Блеск воды, каждая рябинка на поверхности отражает свою солнечную звёздочку.

Я лечу. Воздух прекрасно держит меня. Я нисколько не боюсь упасть.

Сердце сжимается от сладости бытия и от безусловной красоты полёта. Хочется плакать от радости.

Но я знаю, что мой полёт закончится. От этого знания великолепие происходящего наполняется грустью. Так и лечу – всё вперемешку. Река надвигается на меня, холодно сияя всеми своими блёстками.

Ну почему? Почему я не могу лететь вечно?

Я делаю отчаянные усилия…


Я делал отчаянные усилия, чтоб всплыть. Я всплыл, что-то крикнул…

Я ещё помнил какими-то урывками, как Антоха и Митяй тащили меня на берег и как мне было больно. От боли я и потерял сознание.


Видимо, то, что мои друзья тащили меня неправильно, потом пытались меня неправильно привести в чувство, усугубило моё теперешнее состояние. Больше травмировало мой спинной мозг. Но откуда мои друзья могли знать, что можно, а что нельзя?

Откуда они вообще могли что-то об этом знать, что-то подобное предположить? Кто и когда их этому обучал? Что я сам пытался бы сделать, если бы с моим другом случилось бы что-то подобное?

Наверно, то же самое, что Митяй с Антохой. Ворочал бы друга своего, поднимал бы ему голову, колотил бы его по щекам…


«Скорая» довезла меня до местной больницы. Всё это очень больно и страшно. Правда, врач «скорой» надел на меня шейный воротник. Спасибо ему… В местной больнице меня тоже поворочали немного. Потом сделали рентген и сразу же первый раз прооперировали. Слава богу, что рядовые хирурги в маленькой больничке решились на такую операцию. Так мне потом сказали в Москве. Они, эти хирурги, сумели сохранить мне то, что есть, то есть надежду на восстановление. Они освободили, насколько могли, спинной мозг от сдавливания.

Когда я очнулся, мама уже сидела рядом со мной.

Дальше нам с ней предстояла транспортировка в Москву и повторная операция. В Москве мне фиксировали шестой и седьмой шейные позвонки титановыми пластинами.

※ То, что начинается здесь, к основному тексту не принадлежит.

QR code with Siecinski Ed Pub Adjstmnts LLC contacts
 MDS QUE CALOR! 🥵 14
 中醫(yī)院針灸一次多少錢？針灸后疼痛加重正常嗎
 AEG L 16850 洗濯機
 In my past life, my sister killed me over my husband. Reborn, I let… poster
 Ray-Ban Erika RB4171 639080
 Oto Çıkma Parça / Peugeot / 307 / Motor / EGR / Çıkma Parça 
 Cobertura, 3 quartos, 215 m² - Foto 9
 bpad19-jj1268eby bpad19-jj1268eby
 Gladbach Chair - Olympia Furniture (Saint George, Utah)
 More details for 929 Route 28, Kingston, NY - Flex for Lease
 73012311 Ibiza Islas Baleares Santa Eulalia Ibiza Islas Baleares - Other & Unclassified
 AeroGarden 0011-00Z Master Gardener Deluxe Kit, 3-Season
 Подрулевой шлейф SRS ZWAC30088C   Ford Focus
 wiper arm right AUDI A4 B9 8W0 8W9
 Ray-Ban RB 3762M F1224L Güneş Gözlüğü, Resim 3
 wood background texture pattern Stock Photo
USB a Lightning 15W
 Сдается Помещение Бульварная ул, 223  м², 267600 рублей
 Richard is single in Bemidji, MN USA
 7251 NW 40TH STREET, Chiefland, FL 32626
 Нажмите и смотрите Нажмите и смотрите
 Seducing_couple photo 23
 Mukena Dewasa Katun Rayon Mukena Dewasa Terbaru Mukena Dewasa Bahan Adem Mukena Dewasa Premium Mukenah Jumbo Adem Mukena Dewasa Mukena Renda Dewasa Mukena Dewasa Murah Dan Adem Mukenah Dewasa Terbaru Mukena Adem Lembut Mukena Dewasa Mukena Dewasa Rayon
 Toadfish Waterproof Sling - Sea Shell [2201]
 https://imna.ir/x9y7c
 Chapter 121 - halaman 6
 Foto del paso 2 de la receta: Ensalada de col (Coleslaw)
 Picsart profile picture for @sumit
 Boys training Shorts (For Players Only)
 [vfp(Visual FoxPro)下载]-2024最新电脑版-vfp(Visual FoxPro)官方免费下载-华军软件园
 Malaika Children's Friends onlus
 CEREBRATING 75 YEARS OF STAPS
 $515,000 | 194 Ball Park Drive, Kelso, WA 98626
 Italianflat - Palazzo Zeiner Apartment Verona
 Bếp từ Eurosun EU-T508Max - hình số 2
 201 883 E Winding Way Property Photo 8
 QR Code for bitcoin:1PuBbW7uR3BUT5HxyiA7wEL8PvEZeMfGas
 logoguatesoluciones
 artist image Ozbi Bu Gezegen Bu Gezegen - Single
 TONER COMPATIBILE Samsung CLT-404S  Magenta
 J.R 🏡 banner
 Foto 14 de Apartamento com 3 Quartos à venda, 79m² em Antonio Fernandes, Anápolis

И выписали. Теперь я – немножко киборг. И полностью свободен.

Как муха в чемодане.

Свобода, блин, свобода, блин, свобода…

Глава 7

Я готовился поступать либо на юрфак, либо на экономический факультет. Я давно уже определил пятёрку среднеприличных вузов, куда могу отнести свои среднеприличные баллы по ЕГЭ. Куда-нибудь бы прошёл на бюджет.

Но пришлось мне поступить совсем в другой университет, с которого я не могу уйти по собственному желанию. Я не могу никуда перевестись и даже не могу вылететь с треском. Не могу – даже в армию.

Ох, как бы я сейчас пошёл в армию! В самый раздолбанный стройбат, в самый дальний угол России! Ну, не сейчас, а чуть позже, когда исполнится восемнадцать. Я раньше был умненьким маленьким мальчиком, и мама отдала меня в первый класс в шесть лет. В шесть с небольшим.